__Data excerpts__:
┏━━
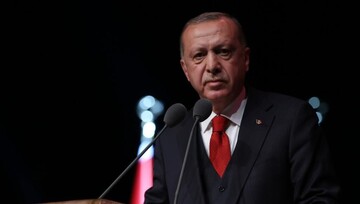اردوغان پیش از عزیمت به نیویورک: قصد درگیری با آمریکا را نداریم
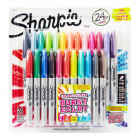 Set de markere permanente Sharpie Fine Color Burst 24 de culori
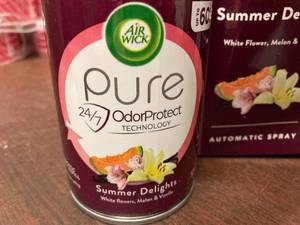 Air Wick Freshener and Dispensers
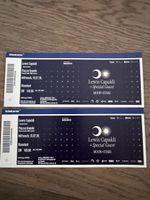 Lewis Capaldi Piazza Grande 15.07.26 2 Tickets
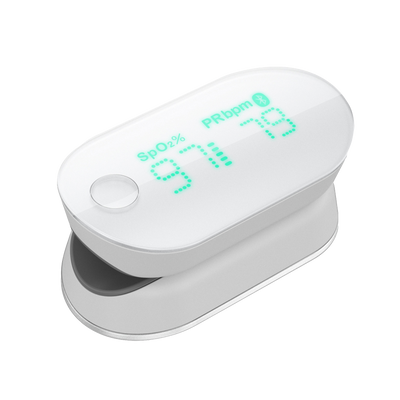 iHealth Wireless Pulse Oximeter Product View
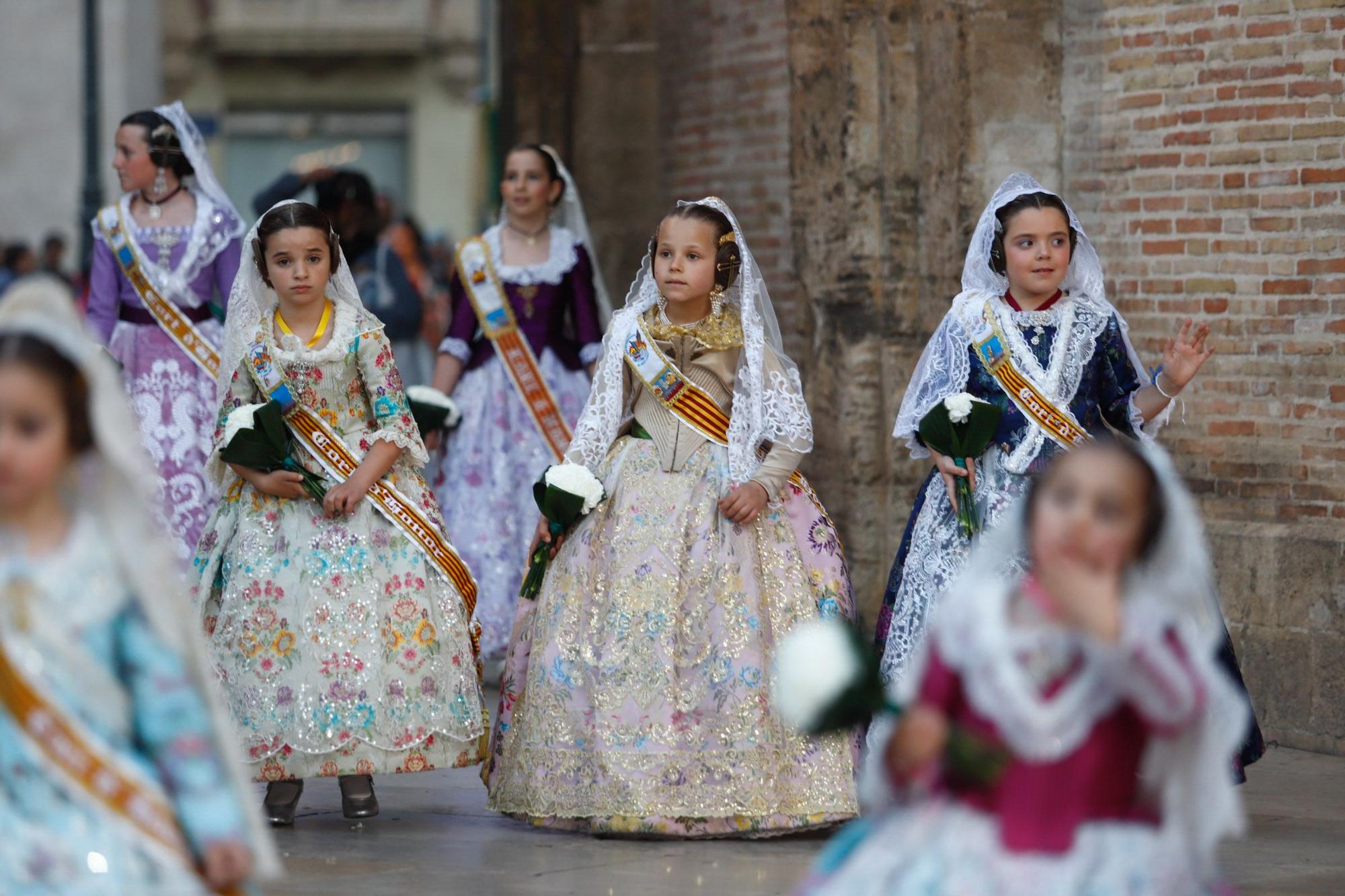 Búscate en el primer día de la Ofrenda en la calle de la Paz entre las 18 y las 19 horas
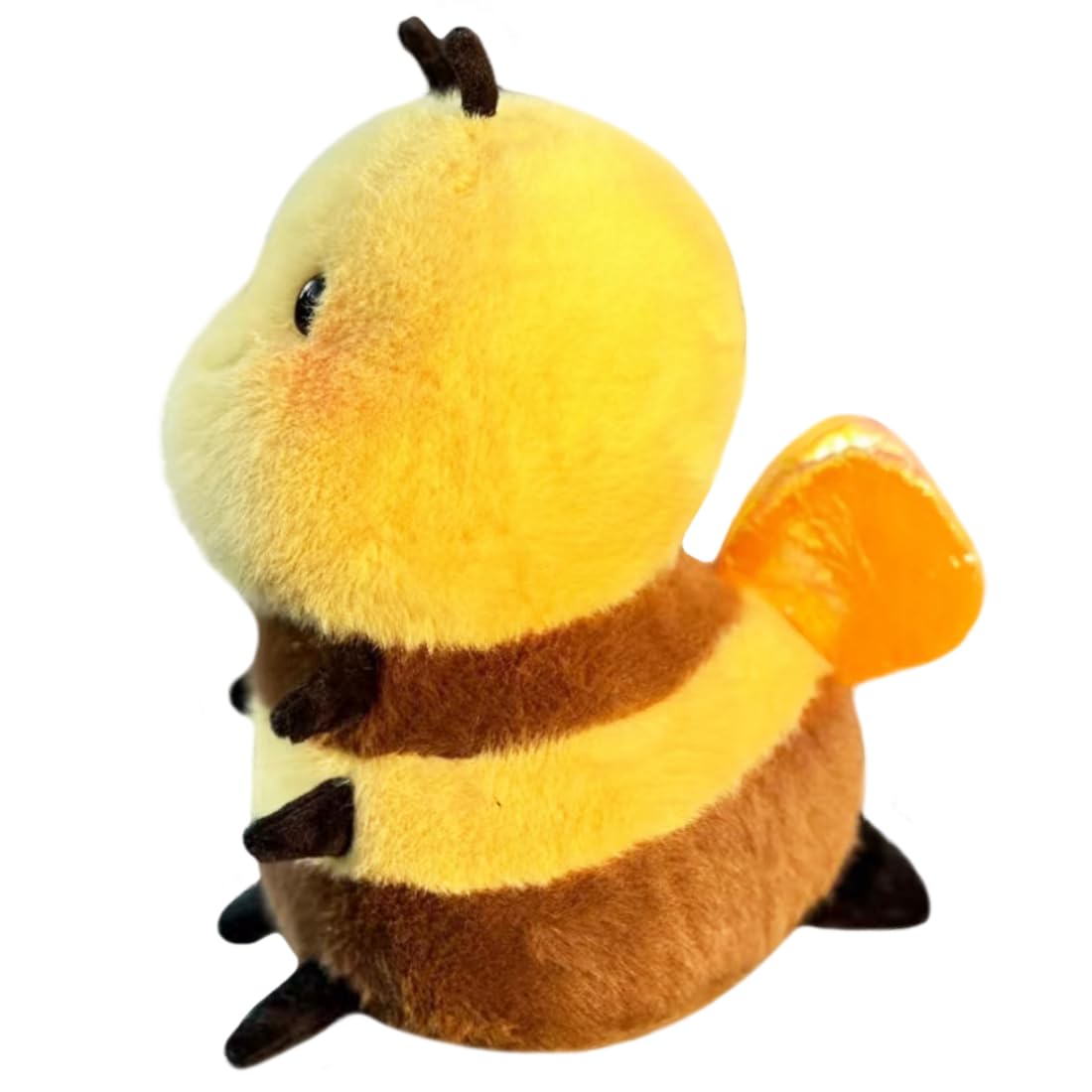 Amazon.com: ELAINREN Furry and Cuddly Bumblebee Stuffed Toy Ultra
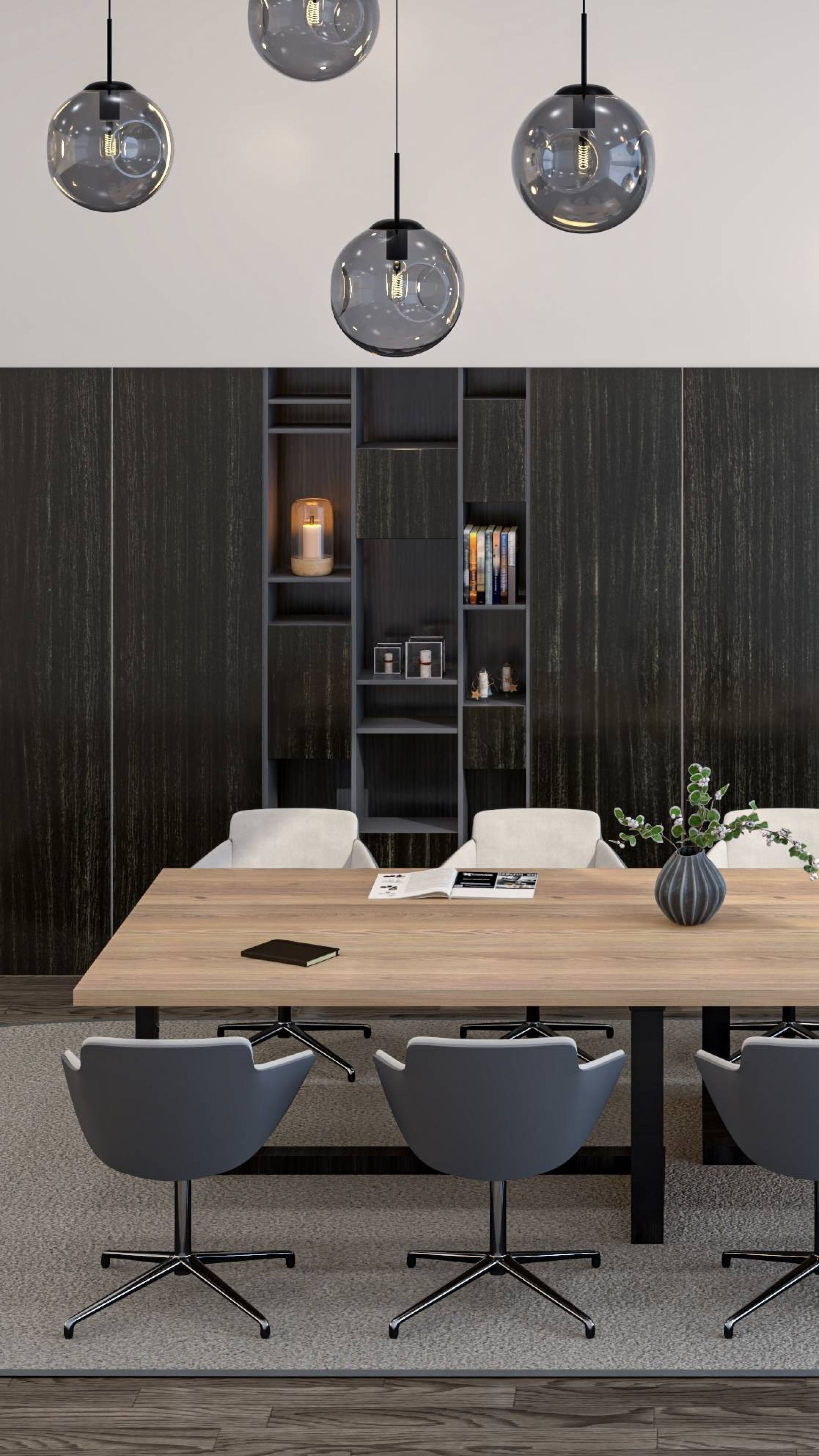 Design vergadermeubelen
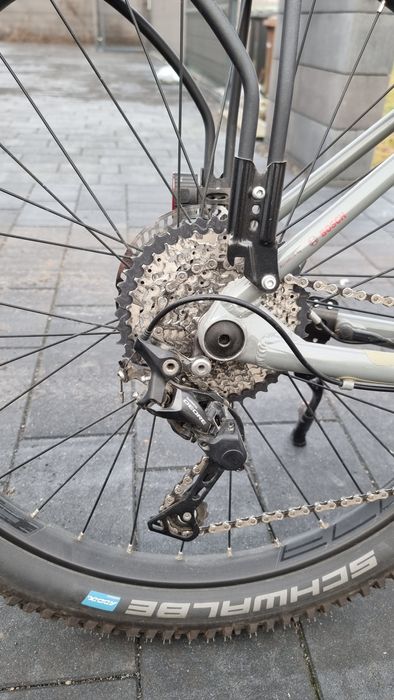 Bulls evo 3 six50 zadbany !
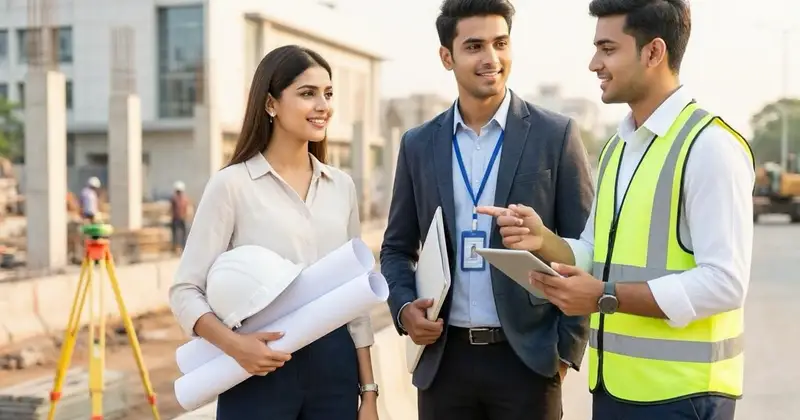 Government Jobs for Civil Engineers 2026: PWD, PSU & Central Service Opportunities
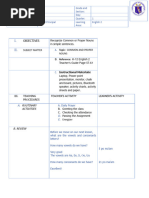 Co DLP English 2 Q1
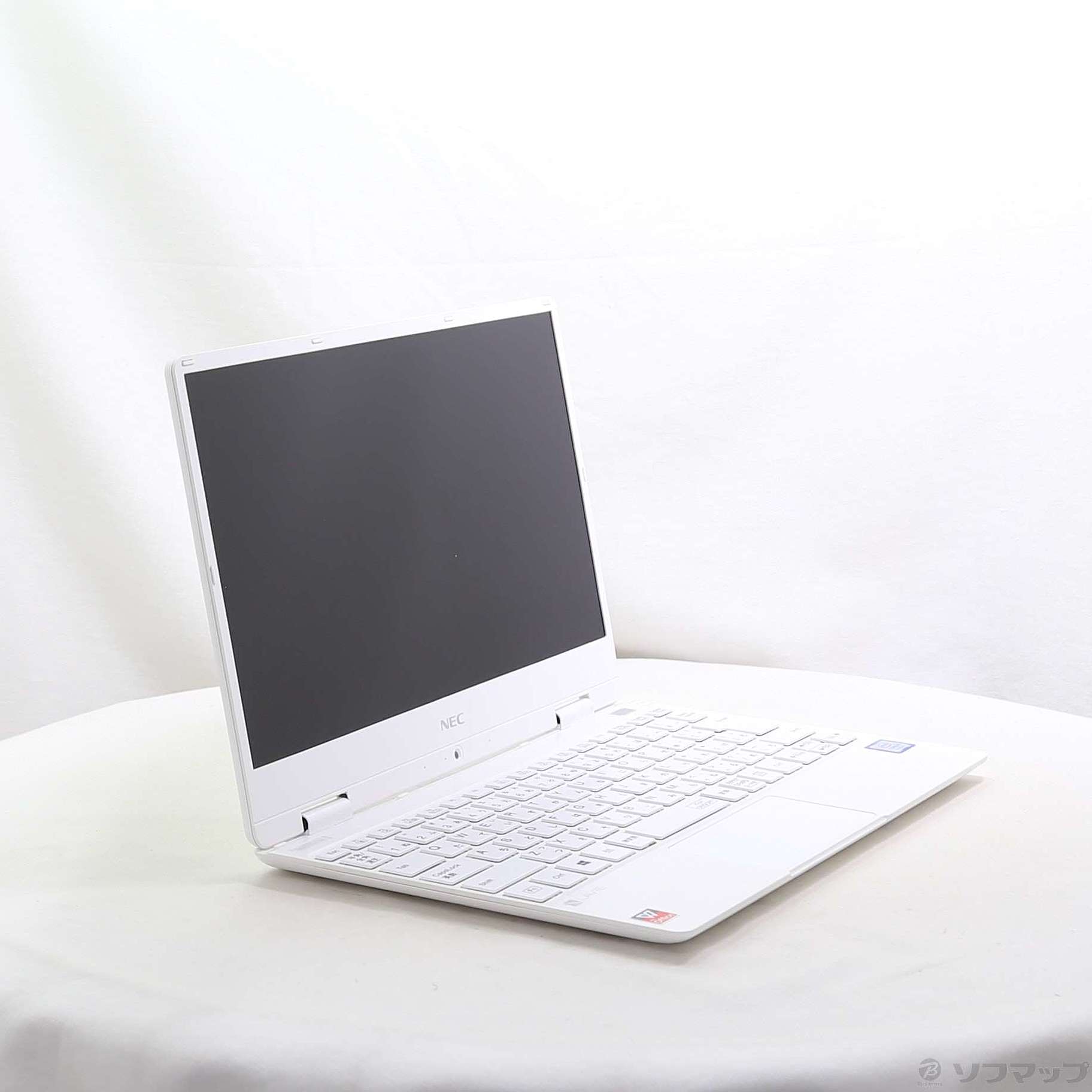 中古】LaVie Note Mobile NM550／MAW PC-NM550MAW パールホワイト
┗━━
__Work to complete__: An exact transcription is needed, covering the line with "Búscate en el" and every line after it to the end of the entries, but not the pictures.

__Written solution__:
 Búscate en el primer día de la Ofrenda en la calle de la Paz entre las 18 y las 19 horas
 Amazon.com: ELAINREN Furry and Cuddly Bumblebee Stuffed Toy Ultra
 Design vergadermeubelen
 Bulls evo 3 six50 zadbany !
 Government Jobs for Civil Engineers 2026: PWD, PSU & Central Service Opportunities
 Co DLP English 2 Q1
 中古】LaVie Note Mobile NM550／MAW PC-NM550MAW パールホワイト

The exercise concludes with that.